## Data to use
- Opening Delimiter -

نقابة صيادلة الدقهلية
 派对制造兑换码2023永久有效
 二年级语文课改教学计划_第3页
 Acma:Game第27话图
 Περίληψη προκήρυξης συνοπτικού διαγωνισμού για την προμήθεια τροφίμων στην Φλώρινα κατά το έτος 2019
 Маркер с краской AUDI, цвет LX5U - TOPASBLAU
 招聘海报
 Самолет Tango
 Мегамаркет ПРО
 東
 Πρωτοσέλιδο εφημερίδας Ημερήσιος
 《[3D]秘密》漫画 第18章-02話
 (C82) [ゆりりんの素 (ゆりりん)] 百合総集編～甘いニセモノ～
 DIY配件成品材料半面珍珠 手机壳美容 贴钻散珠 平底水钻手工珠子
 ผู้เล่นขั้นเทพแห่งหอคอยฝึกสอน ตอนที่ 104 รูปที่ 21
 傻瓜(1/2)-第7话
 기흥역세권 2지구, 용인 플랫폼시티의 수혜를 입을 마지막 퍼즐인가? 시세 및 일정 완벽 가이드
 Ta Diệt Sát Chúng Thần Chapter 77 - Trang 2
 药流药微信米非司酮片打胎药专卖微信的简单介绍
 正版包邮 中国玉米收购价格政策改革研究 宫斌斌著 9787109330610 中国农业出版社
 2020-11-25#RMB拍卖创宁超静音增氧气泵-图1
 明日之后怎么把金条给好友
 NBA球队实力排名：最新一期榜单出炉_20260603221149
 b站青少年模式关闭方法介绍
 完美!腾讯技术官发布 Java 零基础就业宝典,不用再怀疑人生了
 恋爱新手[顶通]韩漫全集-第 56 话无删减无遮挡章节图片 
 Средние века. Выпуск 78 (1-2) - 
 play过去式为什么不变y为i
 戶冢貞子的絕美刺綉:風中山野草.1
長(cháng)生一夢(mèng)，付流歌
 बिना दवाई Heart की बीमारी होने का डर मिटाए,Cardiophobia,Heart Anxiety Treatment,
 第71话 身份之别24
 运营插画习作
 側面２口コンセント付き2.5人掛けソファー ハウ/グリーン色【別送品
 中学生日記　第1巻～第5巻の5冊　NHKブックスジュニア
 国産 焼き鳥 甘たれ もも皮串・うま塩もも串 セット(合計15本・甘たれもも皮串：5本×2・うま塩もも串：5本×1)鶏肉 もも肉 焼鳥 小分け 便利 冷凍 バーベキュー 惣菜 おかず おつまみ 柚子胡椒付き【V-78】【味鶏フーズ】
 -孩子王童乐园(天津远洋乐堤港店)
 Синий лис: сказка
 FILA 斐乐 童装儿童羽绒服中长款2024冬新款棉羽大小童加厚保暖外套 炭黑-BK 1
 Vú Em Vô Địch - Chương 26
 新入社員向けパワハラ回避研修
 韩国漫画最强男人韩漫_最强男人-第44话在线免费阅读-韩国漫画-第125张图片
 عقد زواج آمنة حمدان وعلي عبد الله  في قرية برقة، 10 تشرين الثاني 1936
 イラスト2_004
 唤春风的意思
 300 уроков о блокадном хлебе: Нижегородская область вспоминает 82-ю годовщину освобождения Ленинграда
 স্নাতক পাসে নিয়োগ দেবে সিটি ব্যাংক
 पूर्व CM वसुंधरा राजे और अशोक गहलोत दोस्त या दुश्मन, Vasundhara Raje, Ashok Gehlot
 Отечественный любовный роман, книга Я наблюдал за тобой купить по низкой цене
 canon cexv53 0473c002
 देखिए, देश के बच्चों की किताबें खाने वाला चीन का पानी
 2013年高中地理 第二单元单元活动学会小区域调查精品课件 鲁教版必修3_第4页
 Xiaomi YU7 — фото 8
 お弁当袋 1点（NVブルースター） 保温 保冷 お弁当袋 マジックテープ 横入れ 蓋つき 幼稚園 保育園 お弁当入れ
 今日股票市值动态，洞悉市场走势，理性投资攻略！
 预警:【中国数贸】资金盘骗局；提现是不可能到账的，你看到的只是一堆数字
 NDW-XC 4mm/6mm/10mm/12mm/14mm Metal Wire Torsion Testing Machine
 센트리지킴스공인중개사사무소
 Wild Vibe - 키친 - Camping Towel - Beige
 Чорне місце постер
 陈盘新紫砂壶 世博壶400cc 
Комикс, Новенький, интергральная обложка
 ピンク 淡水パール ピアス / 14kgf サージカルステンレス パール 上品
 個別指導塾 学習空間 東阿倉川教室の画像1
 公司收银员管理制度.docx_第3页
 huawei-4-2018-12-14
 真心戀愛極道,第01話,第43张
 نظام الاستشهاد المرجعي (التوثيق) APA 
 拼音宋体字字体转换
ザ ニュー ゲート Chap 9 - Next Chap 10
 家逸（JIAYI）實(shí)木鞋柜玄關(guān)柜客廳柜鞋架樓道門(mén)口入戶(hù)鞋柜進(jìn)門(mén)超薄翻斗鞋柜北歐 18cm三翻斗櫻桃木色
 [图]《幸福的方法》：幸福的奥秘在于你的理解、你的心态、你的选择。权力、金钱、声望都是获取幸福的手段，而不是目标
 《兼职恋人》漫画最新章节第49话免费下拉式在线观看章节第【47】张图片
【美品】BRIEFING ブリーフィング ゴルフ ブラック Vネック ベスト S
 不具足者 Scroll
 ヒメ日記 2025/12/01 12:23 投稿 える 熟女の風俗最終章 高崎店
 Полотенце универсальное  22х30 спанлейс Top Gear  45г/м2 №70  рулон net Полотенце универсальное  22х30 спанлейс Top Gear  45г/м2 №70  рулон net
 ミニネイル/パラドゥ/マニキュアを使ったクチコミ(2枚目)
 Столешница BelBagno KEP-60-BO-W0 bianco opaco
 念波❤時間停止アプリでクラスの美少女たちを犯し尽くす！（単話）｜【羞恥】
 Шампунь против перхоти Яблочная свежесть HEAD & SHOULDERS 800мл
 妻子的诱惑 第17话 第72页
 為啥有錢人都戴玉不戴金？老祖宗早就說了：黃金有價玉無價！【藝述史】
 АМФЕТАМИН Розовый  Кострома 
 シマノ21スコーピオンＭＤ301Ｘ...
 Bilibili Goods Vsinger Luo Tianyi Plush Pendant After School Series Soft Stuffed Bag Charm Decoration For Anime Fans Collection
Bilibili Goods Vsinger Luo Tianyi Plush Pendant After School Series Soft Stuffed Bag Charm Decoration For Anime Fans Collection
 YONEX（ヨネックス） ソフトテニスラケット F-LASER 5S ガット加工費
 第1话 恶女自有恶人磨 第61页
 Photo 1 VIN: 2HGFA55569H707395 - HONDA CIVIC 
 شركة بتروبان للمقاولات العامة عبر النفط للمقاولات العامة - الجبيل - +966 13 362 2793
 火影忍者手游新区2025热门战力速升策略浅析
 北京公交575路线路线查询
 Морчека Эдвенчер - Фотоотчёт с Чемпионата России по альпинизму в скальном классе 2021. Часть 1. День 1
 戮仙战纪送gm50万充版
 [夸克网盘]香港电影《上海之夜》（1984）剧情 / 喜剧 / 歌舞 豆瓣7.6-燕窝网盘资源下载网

- Closing Delimiter -

Each line in the entries above, starting at the line with "عقد زواج آمنة" and ending at the line with "canon cexv53 0473c002", is to be printed exactly, and only those lines.

## Solution
 عقد زواج آمنة حمدان وعلي عبد الله  في قرية برقة، 10 تشرين الثاني 1936
 イラスト2_004
 唤春风的意思
 300 уроков о блокадном хлебе: Нижегородская область вспоминает 82-ю годовщину освобождения Ленинграда
 স্নাতক পাসে নিয়োগ দেবে সিটি ব্যাংক
 पूर्व CM वसुंधरा राजे और अशोक गहलोत दोस्त या दुश्मन, Vasundhara Raje, Ashok Gehlot
 Отечественный любовный роман, книга Я наблюдал за тобой купить по низкой цене
 canon cexv53 0473c002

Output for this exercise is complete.